=== Section Start ===
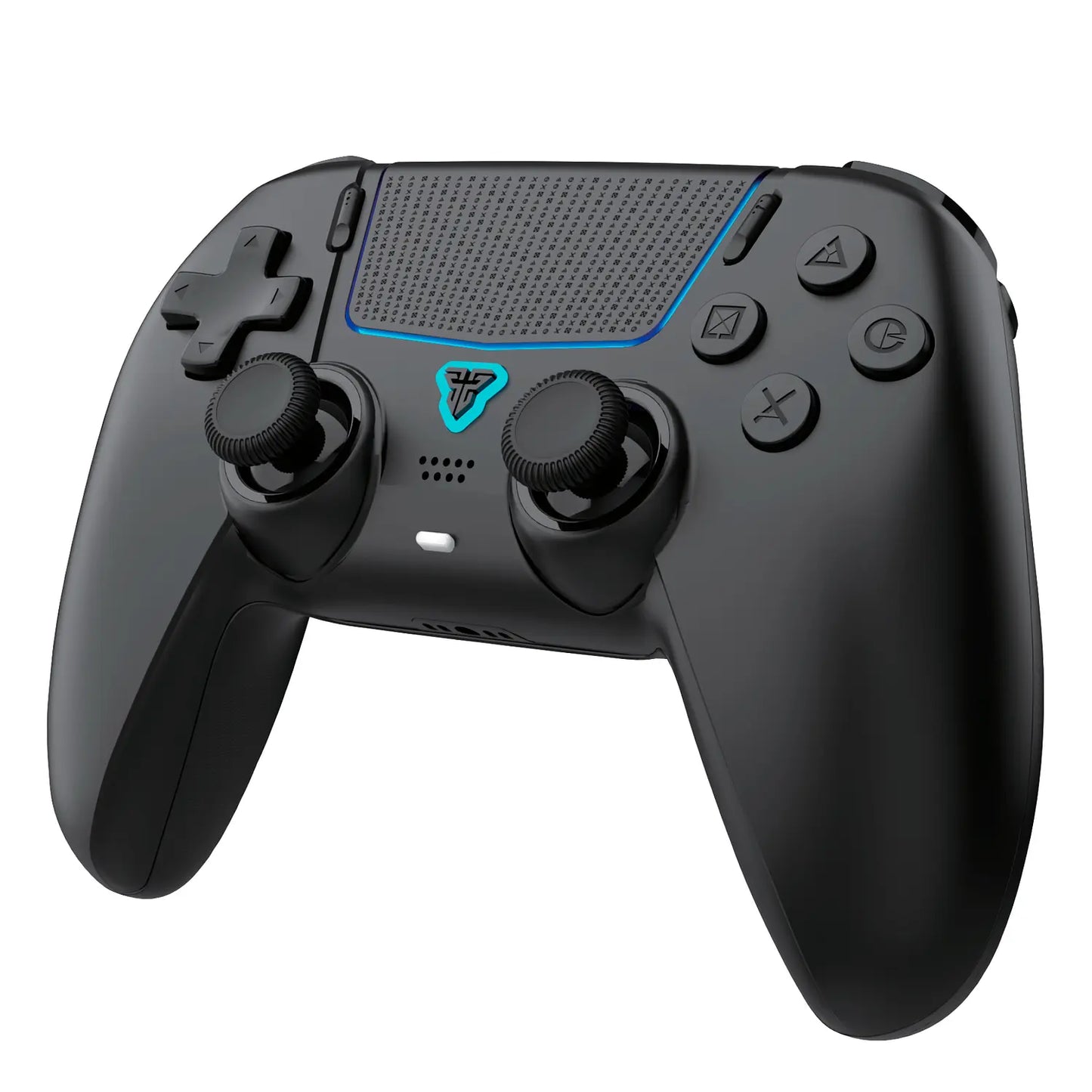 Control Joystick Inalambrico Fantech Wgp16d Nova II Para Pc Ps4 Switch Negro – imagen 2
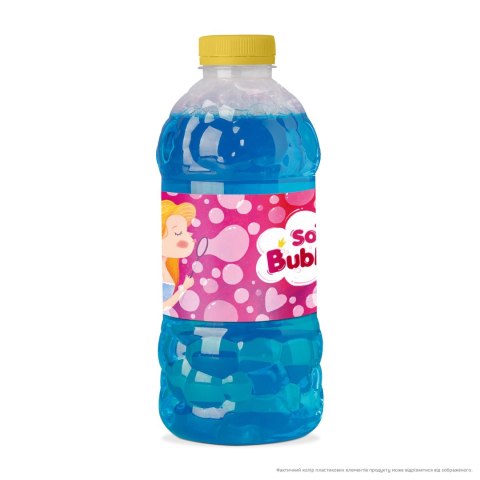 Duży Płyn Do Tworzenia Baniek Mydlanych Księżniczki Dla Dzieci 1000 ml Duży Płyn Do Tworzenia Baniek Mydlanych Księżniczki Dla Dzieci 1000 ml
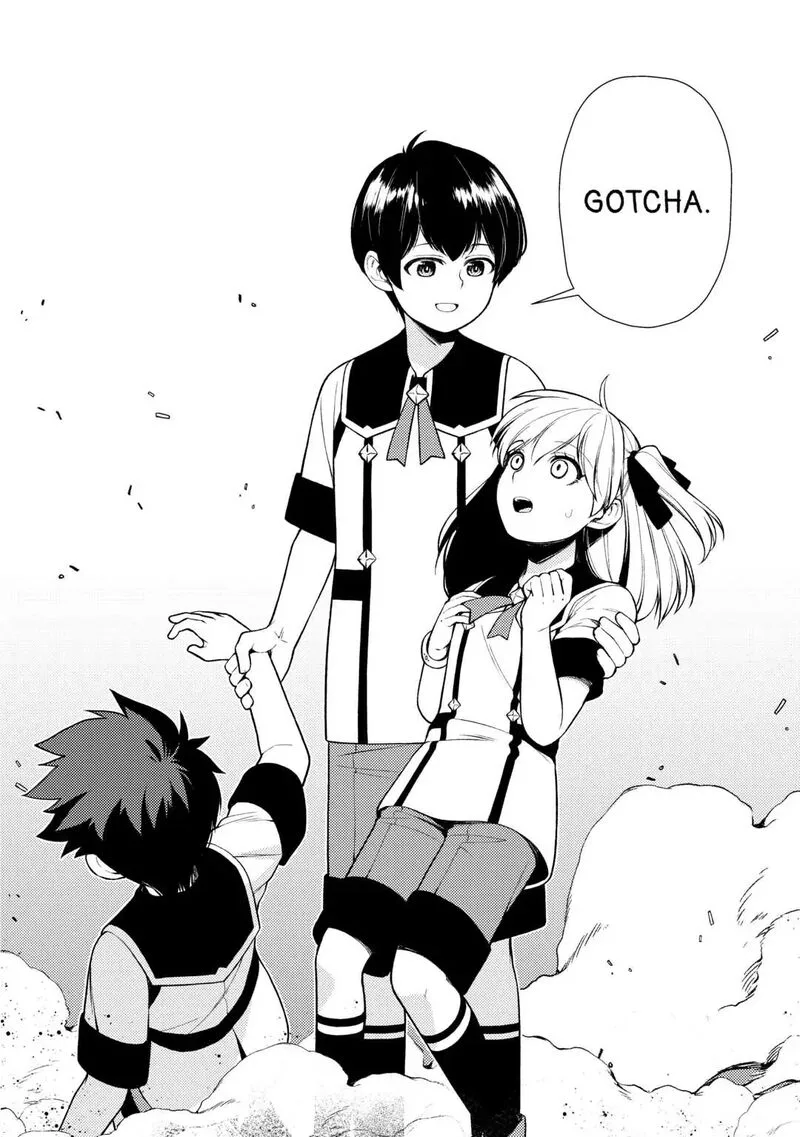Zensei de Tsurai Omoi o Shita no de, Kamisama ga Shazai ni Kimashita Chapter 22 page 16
=== Section End ===
- [Task description]
Restate every line above exactly, omitting images.

- [Output for this exercise]
 Control Joystick Inalambrico Fantech Wgp16d Nova II Para Pc Ps4 Switch Negro – imagen 2
 Duży Płyn Do Tworzenia Baniek Mydlanych Księżniczki Dla Dzieci 1000 ml Duży Płyn Do Tworzenia Baniek Mydlanych Księżniczki Dla Dzieci 1000 ml
Zensei de Tsurai Omoi o Shita no de, Kamisama ga Shazai ni Kimashita Chapter 22 page 16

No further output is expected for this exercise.